Yet Aviation Committee meetings are perfunctory, and the agendas are a joke. Last July, the Chicago Board of Education’s agenda was 200 pages — yes, 200 — and it included detailed reports explaining each item the board members were asked to vote on. The Aviation Committee’s agenda for the same month? It had just two items and no details. It didn’t even fill up a single page. People planning a charity bake sale put out more informative agendas.

Aviation Committee meetings often are short. Few questions are asked. Too often, the number of aldermen showing up are too few for a quorum. And good luck finding any minutes of the meetings.

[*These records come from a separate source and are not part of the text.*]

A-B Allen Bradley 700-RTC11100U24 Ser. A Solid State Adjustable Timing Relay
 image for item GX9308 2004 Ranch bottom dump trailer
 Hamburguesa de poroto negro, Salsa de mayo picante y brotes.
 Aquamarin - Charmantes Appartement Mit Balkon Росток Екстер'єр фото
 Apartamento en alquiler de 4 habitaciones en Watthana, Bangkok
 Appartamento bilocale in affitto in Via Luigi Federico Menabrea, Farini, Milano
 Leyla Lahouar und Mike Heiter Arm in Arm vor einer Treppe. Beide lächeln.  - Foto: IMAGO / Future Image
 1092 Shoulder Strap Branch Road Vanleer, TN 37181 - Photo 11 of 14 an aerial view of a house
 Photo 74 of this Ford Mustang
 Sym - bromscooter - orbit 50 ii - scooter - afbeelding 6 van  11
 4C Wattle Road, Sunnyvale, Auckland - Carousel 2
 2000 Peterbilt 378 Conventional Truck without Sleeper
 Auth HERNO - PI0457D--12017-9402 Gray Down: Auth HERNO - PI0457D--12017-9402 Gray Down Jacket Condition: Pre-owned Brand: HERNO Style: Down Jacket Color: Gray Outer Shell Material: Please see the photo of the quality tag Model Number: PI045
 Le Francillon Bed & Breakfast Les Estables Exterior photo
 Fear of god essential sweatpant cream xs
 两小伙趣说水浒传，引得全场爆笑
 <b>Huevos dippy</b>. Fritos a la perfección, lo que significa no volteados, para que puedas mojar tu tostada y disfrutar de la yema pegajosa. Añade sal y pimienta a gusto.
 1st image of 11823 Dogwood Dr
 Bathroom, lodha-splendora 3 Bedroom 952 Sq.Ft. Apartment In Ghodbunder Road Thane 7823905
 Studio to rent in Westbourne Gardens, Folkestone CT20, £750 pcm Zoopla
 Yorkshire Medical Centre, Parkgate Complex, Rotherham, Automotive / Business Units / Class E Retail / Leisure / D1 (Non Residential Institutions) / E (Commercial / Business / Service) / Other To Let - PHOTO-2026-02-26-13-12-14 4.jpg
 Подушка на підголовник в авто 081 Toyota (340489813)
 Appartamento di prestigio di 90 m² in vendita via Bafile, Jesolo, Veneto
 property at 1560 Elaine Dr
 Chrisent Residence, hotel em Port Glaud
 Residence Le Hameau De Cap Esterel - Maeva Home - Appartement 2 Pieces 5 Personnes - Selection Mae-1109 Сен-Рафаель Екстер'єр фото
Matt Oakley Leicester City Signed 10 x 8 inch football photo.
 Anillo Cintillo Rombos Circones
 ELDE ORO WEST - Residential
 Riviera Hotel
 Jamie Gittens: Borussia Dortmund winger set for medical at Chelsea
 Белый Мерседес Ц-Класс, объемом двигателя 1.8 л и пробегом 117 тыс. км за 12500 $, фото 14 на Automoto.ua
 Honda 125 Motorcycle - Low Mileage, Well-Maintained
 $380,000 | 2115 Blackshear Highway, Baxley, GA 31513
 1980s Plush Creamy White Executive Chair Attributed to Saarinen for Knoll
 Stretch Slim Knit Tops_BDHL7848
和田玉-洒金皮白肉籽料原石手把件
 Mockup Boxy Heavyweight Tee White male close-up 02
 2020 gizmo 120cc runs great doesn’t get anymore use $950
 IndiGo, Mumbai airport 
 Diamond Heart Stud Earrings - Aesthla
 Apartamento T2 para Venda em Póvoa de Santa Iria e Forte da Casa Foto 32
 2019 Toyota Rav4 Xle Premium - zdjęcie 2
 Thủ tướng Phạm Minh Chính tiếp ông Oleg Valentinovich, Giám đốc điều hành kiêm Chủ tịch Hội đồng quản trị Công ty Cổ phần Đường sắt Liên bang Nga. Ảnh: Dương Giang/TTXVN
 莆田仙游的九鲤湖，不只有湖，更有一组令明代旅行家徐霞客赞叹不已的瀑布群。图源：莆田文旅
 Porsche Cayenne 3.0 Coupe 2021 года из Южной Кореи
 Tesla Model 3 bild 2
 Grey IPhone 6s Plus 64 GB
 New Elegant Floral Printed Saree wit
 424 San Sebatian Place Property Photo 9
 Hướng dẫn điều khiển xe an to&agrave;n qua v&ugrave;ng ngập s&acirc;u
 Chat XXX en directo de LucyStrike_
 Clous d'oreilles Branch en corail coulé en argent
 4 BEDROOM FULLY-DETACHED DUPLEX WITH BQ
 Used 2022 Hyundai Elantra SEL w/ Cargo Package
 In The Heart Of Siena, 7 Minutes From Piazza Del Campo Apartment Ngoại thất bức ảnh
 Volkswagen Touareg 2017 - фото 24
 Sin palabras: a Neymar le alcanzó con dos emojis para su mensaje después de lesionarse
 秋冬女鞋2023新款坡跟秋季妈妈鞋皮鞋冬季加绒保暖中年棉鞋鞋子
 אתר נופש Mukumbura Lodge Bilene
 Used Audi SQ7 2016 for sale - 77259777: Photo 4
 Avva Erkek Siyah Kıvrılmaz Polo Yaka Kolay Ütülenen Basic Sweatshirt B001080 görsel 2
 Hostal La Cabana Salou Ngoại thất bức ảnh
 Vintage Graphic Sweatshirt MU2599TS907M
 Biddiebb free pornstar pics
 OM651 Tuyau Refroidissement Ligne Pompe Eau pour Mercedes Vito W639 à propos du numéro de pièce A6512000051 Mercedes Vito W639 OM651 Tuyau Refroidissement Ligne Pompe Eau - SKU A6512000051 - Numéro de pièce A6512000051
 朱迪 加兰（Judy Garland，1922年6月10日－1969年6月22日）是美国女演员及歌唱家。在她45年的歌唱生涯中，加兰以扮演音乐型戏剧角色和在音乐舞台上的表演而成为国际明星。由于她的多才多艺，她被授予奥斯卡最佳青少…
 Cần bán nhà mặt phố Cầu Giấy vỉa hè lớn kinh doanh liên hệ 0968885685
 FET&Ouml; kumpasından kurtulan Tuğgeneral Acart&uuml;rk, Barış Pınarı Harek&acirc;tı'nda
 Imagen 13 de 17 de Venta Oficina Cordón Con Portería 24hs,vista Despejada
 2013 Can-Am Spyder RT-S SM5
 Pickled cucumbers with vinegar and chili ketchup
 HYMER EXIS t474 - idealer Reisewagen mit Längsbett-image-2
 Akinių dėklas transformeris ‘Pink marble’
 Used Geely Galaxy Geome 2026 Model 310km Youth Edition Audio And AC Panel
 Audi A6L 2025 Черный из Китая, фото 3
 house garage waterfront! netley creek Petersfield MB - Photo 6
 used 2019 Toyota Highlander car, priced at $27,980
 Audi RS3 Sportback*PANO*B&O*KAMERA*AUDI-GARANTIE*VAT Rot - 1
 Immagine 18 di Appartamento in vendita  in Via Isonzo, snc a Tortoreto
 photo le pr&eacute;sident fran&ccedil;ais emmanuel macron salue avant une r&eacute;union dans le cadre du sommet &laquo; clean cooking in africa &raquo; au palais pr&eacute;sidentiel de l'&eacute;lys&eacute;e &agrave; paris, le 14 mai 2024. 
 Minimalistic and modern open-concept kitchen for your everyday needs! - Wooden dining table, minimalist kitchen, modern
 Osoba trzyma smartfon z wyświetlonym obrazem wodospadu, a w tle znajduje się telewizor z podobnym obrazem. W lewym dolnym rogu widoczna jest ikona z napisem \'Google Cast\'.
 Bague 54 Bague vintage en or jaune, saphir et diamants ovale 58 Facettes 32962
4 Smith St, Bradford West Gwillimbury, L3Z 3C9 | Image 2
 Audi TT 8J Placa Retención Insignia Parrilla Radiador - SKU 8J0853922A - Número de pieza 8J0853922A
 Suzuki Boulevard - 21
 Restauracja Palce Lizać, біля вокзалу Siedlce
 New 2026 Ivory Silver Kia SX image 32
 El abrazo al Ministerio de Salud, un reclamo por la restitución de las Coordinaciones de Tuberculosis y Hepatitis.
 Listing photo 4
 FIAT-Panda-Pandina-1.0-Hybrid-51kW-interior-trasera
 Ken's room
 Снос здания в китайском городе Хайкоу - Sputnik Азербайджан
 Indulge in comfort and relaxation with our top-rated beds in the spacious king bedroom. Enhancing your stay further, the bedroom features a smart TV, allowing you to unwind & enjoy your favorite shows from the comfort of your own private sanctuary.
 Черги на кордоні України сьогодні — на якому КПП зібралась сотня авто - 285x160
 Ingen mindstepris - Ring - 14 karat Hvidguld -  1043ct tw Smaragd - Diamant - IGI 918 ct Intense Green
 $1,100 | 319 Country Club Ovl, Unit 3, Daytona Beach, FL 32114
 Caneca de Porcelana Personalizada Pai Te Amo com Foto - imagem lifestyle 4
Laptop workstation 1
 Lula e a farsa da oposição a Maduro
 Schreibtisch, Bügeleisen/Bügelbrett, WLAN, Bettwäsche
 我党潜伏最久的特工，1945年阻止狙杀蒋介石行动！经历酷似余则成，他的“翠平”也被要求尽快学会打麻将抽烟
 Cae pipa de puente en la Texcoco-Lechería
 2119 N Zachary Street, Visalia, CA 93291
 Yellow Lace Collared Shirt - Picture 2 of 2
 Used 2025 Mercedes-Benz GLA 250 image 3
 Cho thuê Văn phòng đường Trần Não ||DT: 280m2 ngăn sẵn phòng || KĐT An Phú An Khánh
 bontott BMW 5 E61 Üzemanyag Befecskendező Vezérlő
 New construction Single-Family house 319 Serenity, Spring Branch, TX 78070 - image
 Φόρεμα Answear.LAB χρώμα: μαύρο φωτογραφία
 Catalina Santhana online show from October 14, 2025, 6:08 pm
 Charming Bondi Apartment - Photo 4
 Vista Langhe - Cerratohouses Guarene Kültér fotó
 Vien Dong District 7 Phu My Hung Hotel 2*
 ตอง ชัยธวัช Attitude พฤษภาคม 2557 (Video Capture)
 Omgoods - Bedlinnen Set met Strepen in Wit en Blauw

The airports have no shortage of major issues. Airplane noise affects neighborhoods throughout the area. Whether airport workers are fairly paid is a continuing debate. The vast amount of money flowing through the airports needs careful analysis and explanation. But there’s not a reason in the world the City Council cannot delve into those issues, behaving like a serious legislative body.

Remember, the Council now has a its own financial analyst, Benjamin Winick, to help aldermen understand complicated money matters.

The airports are economic engines for the entire Chicago area. The Council should be ensuring they are operating with the best possible practices.

What we don’t need is another layer of elected government. We have a City Hall. We have a City Council. That should do it, if they would only do their jobs better.